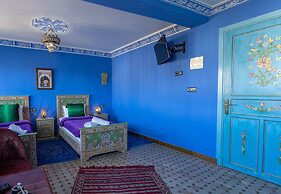 Puerta Azul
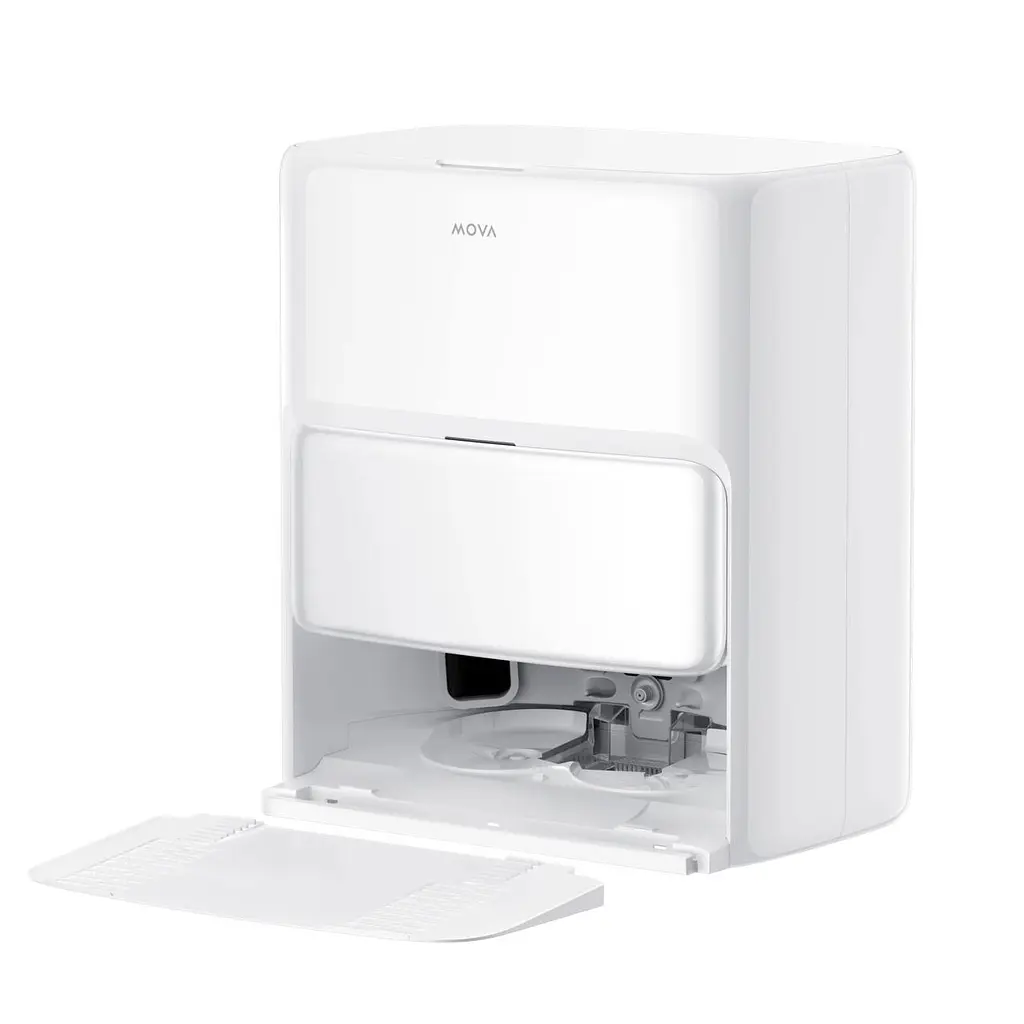 Робот-пилосос з вологим прибиранням MOVA P50 Ultra (RLP23SE) - фото 3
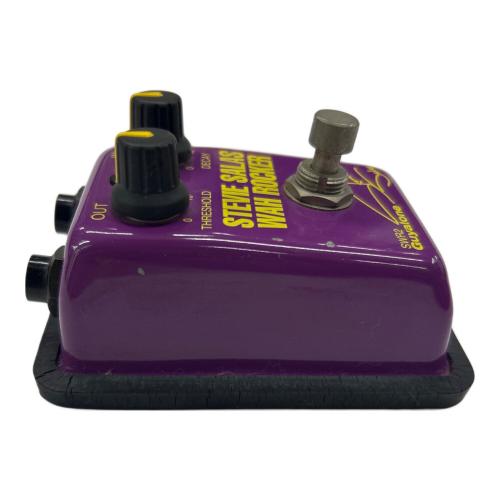 GUYATONE (グヤトーン) オートワウ STEVIE SALAS WAH ROCKER SWR2 ゴム劣化 動作確認済み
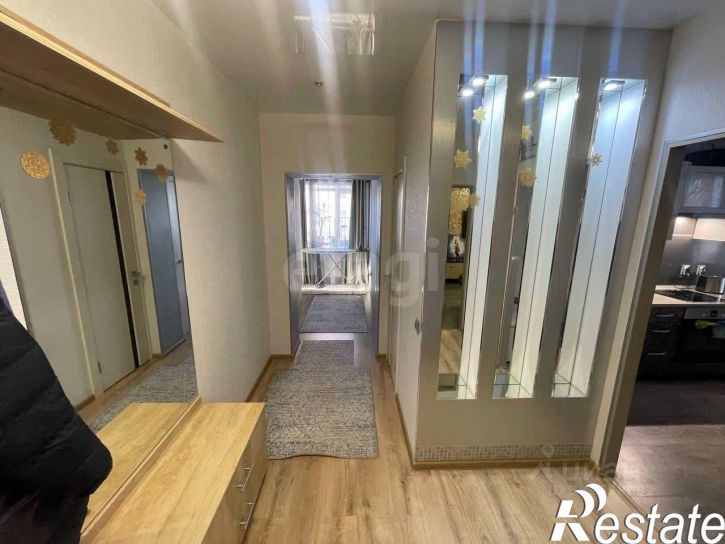 3-комн квартира Совхозная улица, 31Д,  д. 31Д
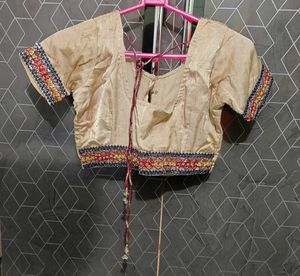 Kota Saree with Sequin Border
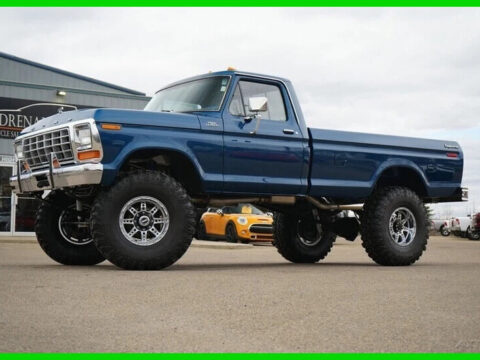 1978 Ford F-250 “high Boy” 4×4 Stock#6222838 for sale
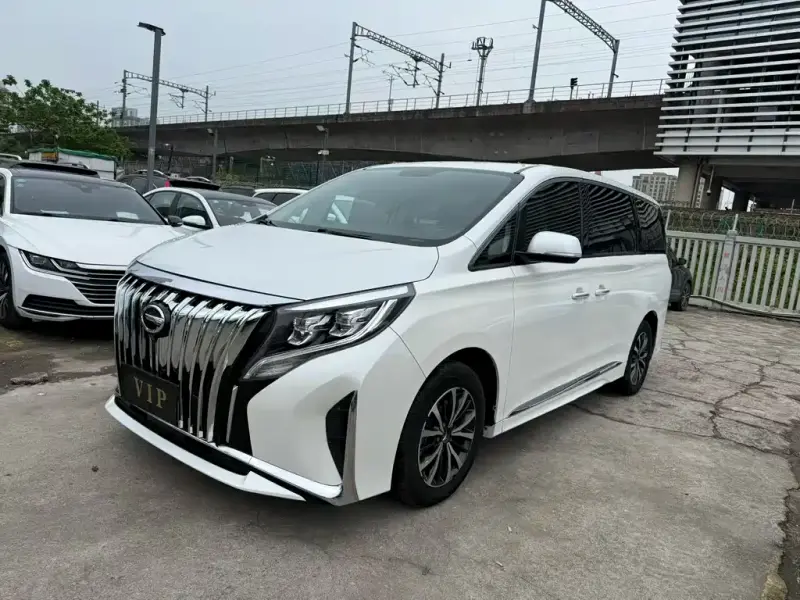 GAC Motor M8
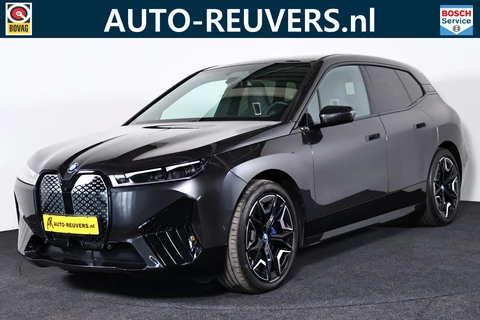 BMW iX xDrive40 M-Sport SKY Edition 77 kWh / Panorama / HarmanKardon / 3D Camera / Trekhaak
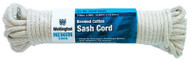 7/32"x50' Nat Sash Cord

=-=-=

### What you have to do
For this copy, leave pictures out and reproduce the lines from the one bearing "3-комн квартира Совхозная" through the final line of the listing above, both ends included.

### Task solution
 3-комн квартира Совхозная улица, 31Д,  д. 31Д
 Kota Saree with Sequin Border
 1978 Ford F-250 “high Boy” 4×4 Stock#6222838 for sale
 GAC Motor M8
 BMW iX xDrive40 M-Sport SKY Edition 77 kWh / Panorama / HarmanKardon / 3D Camera / Trekhaak
 7/32"x50' Nat Sash Cord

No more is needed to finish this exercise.